There are 3 best solutions below

2
Caesar On

I changed the rules to

level = {ASCII_DIGIT+}
verb = {ASCII_ALPHA{1,4}}
file = { SOI ~ (structure? ~ NEWLINE)* ~ structure? ~ EOI }

and that seemed to work just fine, regardless of the trailing newline. But maybe I overlooked something. If you could edit your question to show the rules and input that caused an infinite loop with this, that'd be great.

2
Maria On
WHITESPACE = _{ " " }
level = {ASCII_DIGIT+}
verb = {ASCII_ALPHA{,4}}
value = {ASCII_ALPHANUMERIC*}
stop = { level ~ "STOP" }
structure = { level ~ verb ~ value }
line = {structure | trlr}
file = { SOI ~ (line ~ NEWLINE?)* ~ EOI }

Checked on https://pest.rs/

0
Josh Voigts On

This seems to work.

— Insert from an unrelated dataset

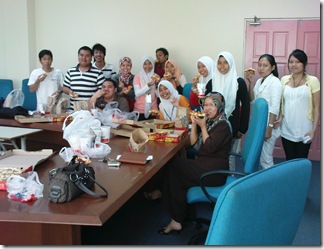 makan2 with student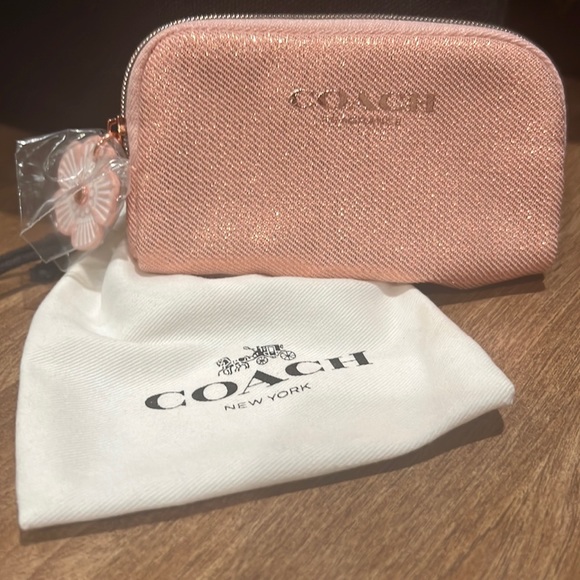 Coach coin purse with limited edition Coach Charm - Picture 2 of 6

It can handle arbitrary number of newlines at the beginning or end as well:

file = { SOI ~ NEWLINE* ~ structure ~ (NEWLINE ~ structure)* NEWLINE* ~ EOI }
WHITESPACE = _{" "}
level = {ASCII_DIGIT+}
verb = {ASCII_ALPHA{1,4}}
value = {ASCII_ALPHANUMERIC*}
structure = { level ~ verb ~ value }